>>>
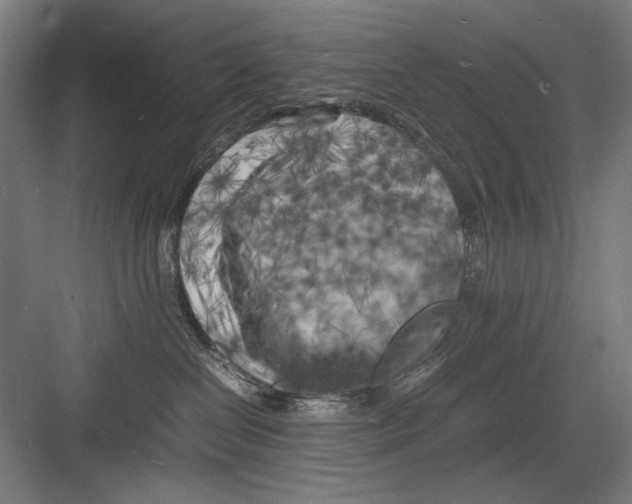 X0000082170286200702162309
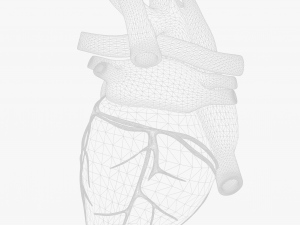 Human Heart Anatomy Animation 3D 模型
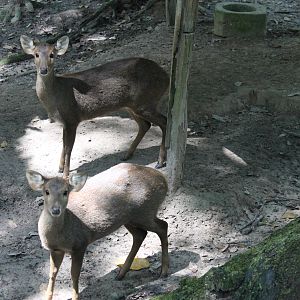 Hog Deer
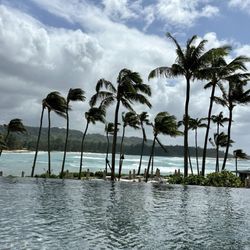 Turtle Bay Lobby Lounge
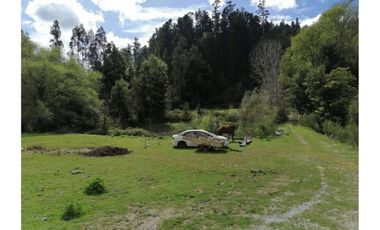 SE VENDE PARCELA DE 3.6 Ha EN PERIQUILLO, HUALQUI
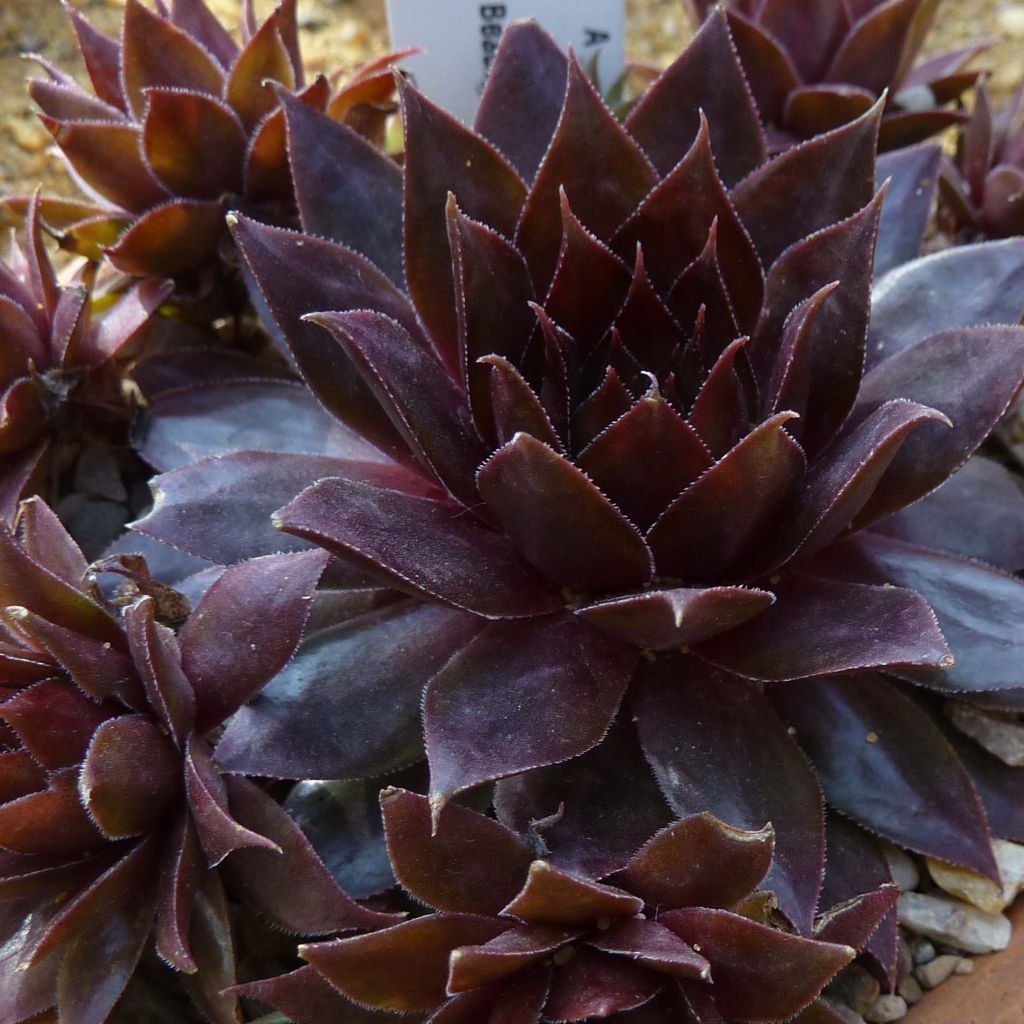 Sempervivum Dark Beauty - Joubarbe pourpre foncé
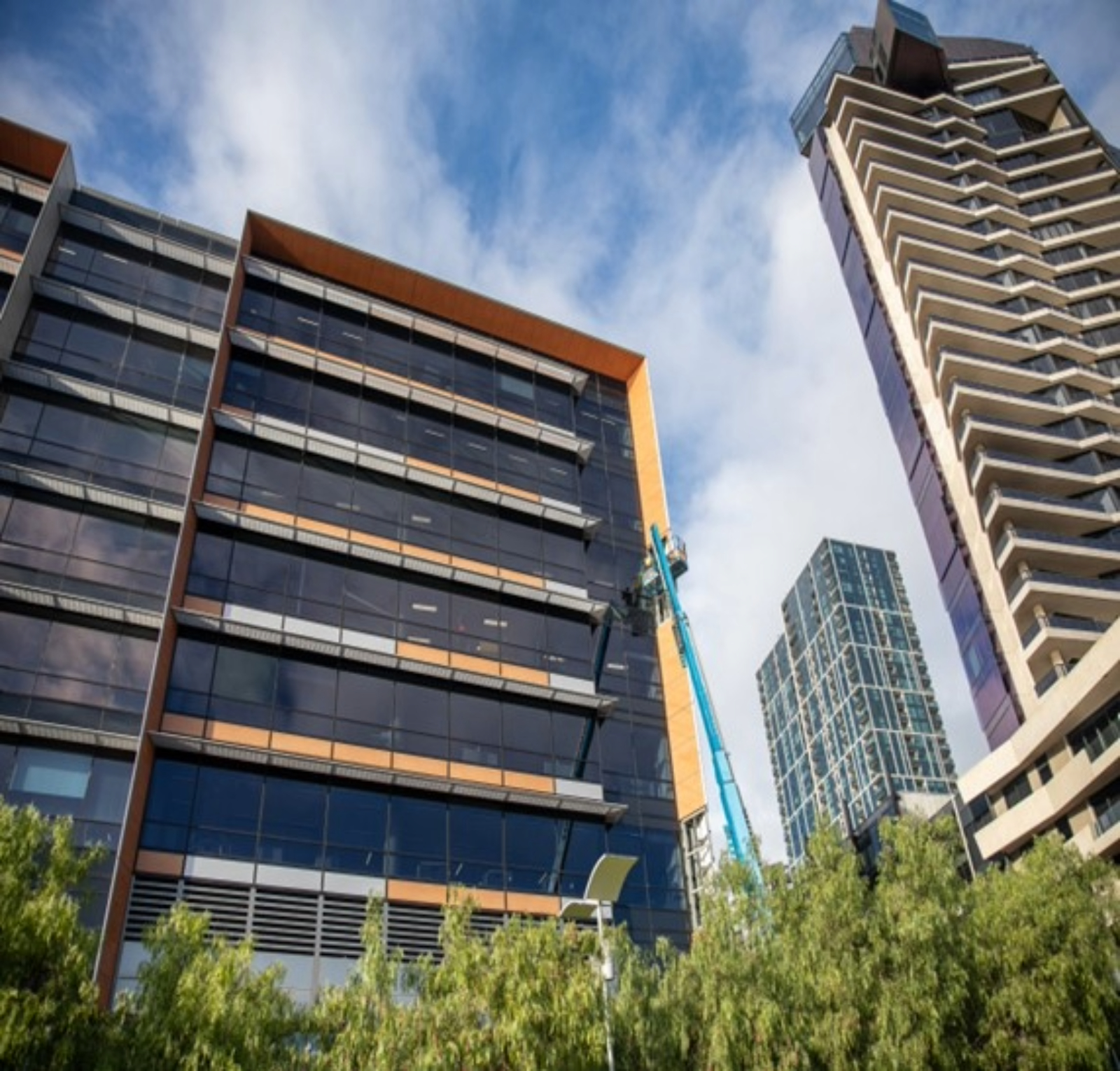 Adobe Express – file (8)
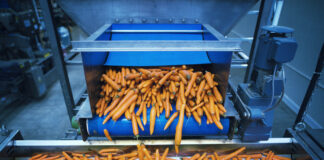 India’s Food Processing Industry to Hit $700B by 2030: PHDCCI India’s food processing industry is projected to grow from $307B in 2023 to $700B by 2030, driven by rising demand and agricultural expansion, says PHDCCI.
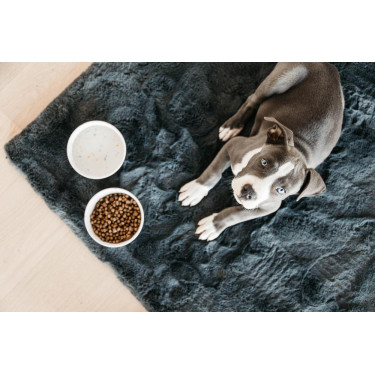 Hundenapf Bamboo Terrazzo Kentucky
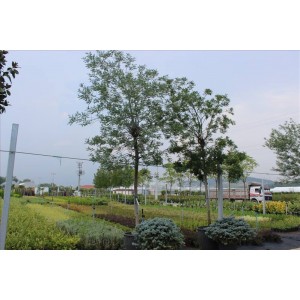 Acacia (Gümüşi Akasya- Mimoza)
 Acacia (Gümüşi Akasya- Mimoza)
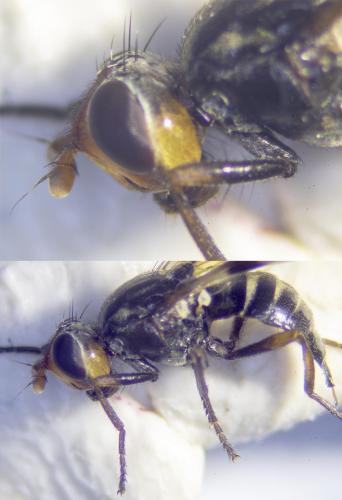 Otites porcus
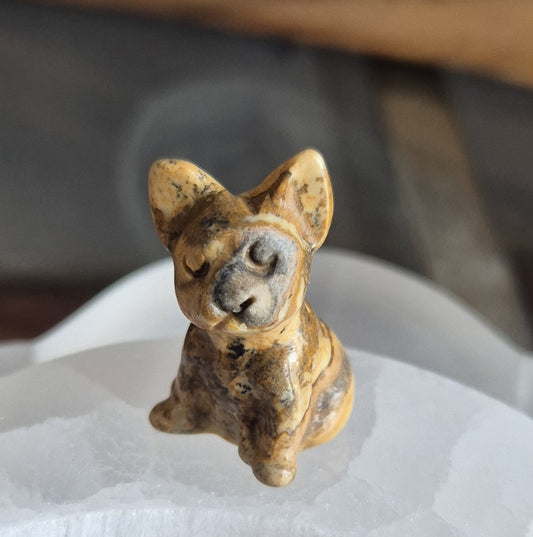 Figurine Mini Bulldog Picture Jasper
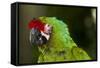 Military Macaw, Captive, S. America-Lynn M^ Stone-Framed Stretched Canvas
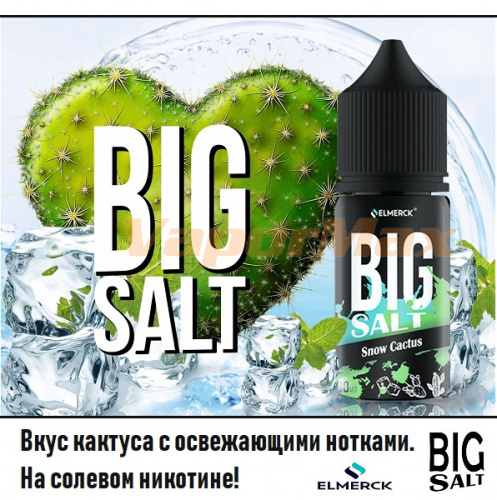 Жидкость Big SALT -  Snow Cactus 30мл.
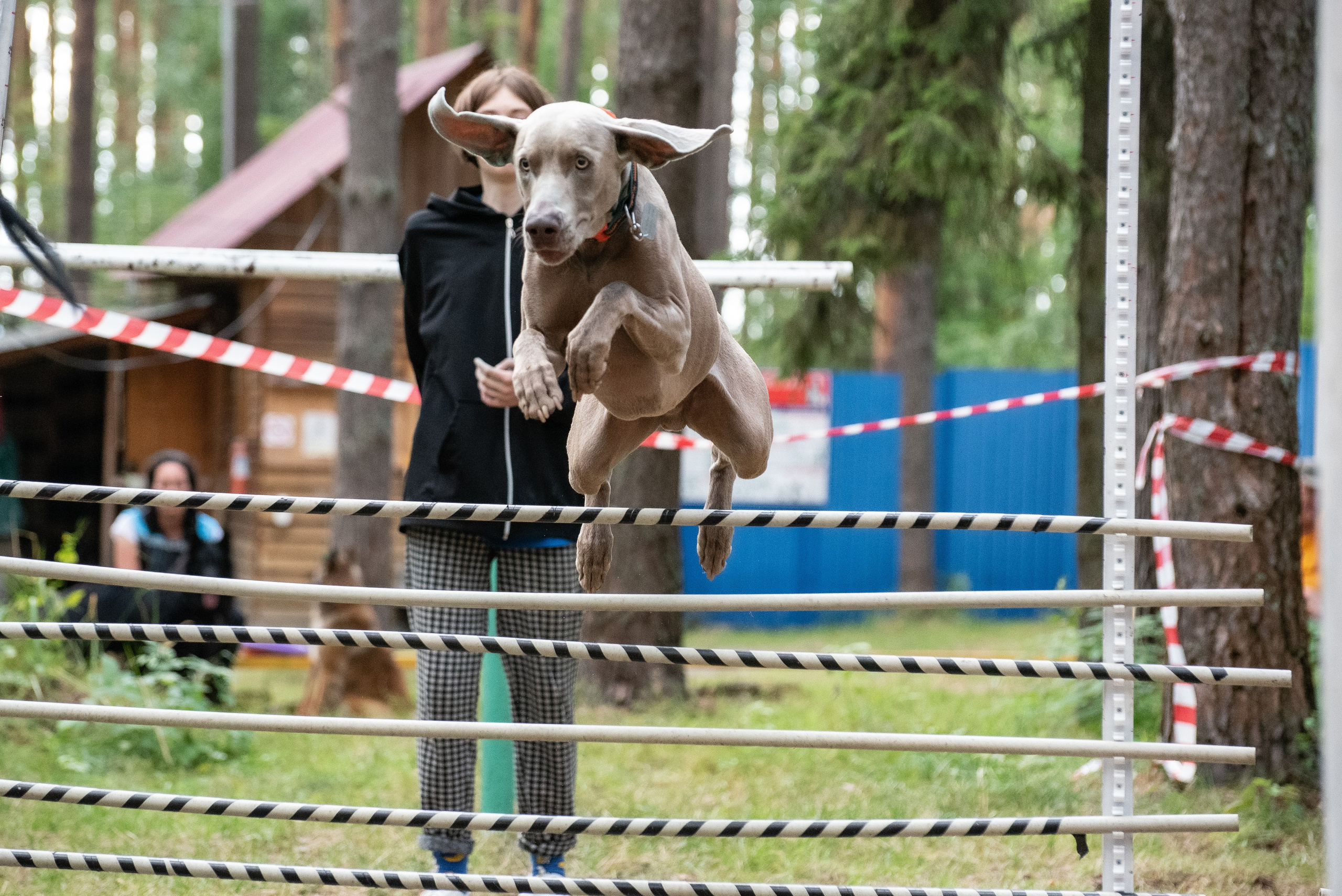 Всплеск эмоций 2023 Кинологический фестиваль. Фотограф Макс Огурцов в Нижнем Новгороде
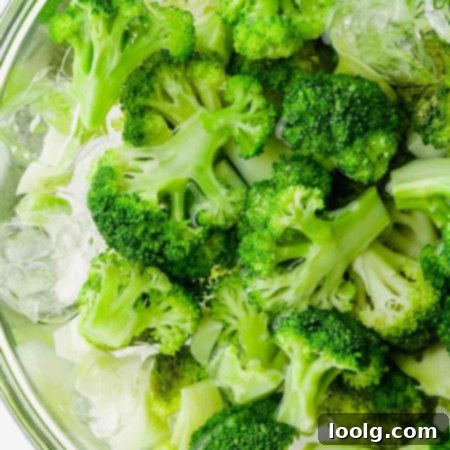A vibrant green blanched broccoli floret with a few ice cubes, symbolizing freshness and the shocking process.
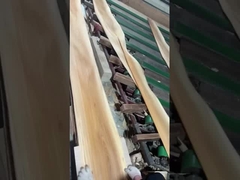 Elm Veneer Crown Cut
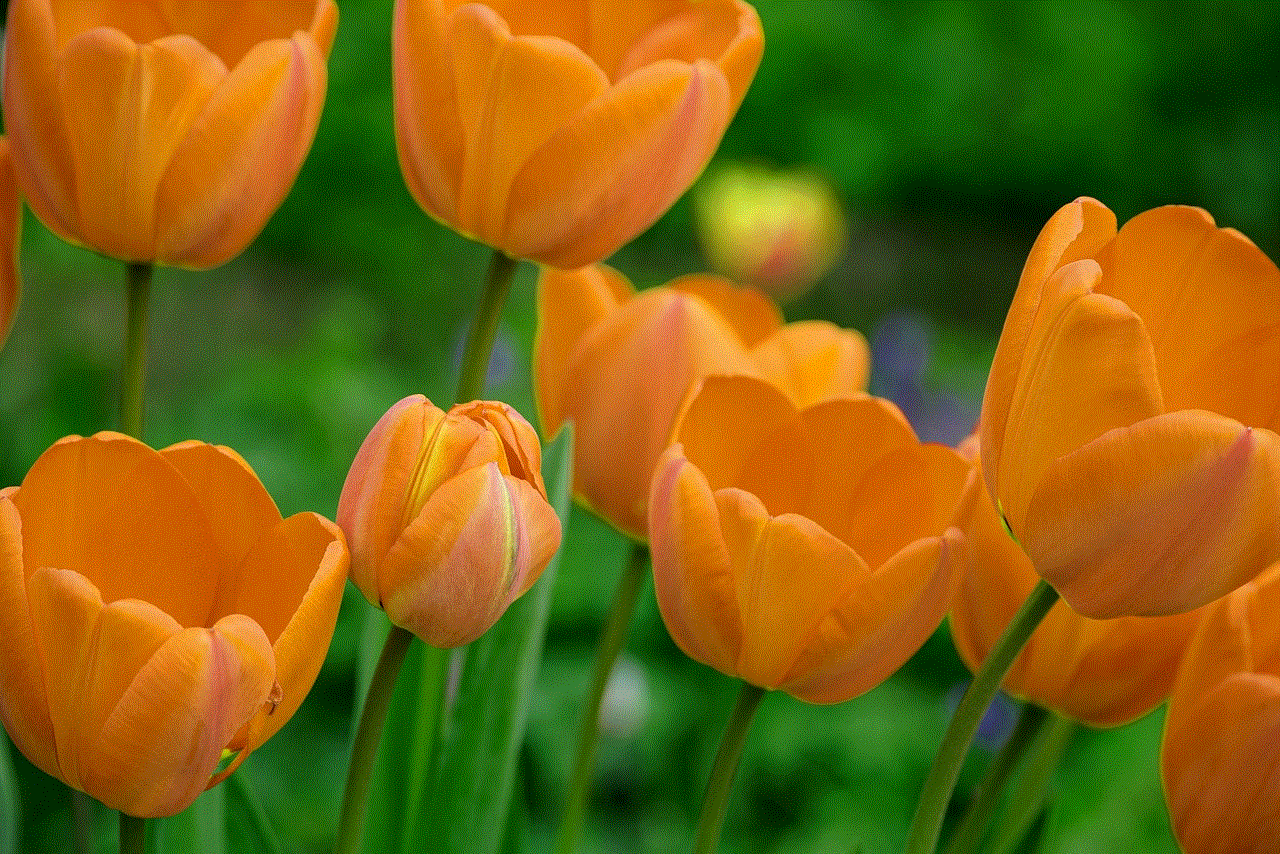 Tulips Beautiful Flowers Tulips Beautiful Flowers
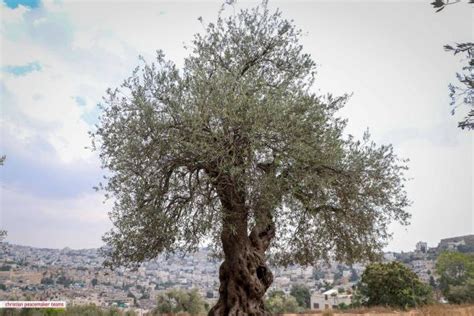 AL KHALIL/ HEBRON: Occupied Palestine gathers its olives | Christian Peacemaker Teams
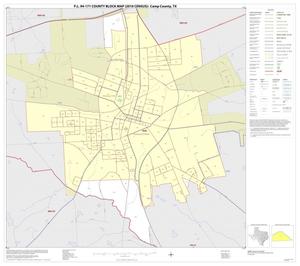 Primary view of object titled 'P.L. 94-171 County Block Map (2010 Census): Camp County, Inset B01'.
<<<
== Problem to solve ==
Write the lines out word for word, starting at the one with "A vibrant green" and stopping after the last line of the material above, with pictures excluded.

== Exercise solution ==
A vibrant green blanched broccoli floret with a few ice cubes, symbolizing freshness and the shocking process.
 Elm Veneer Crown Cut
 Tulips Beautiful Flowers Tulips Beautiful Flowers
 AL KHALIL/ HEBRON: Occupied Palestine gathers its olives | Christian Peacemaker Teams
 Primary view of object titled 'P.L. 94-171 County Block Map (2010 Census): Camp County, Inset B01'.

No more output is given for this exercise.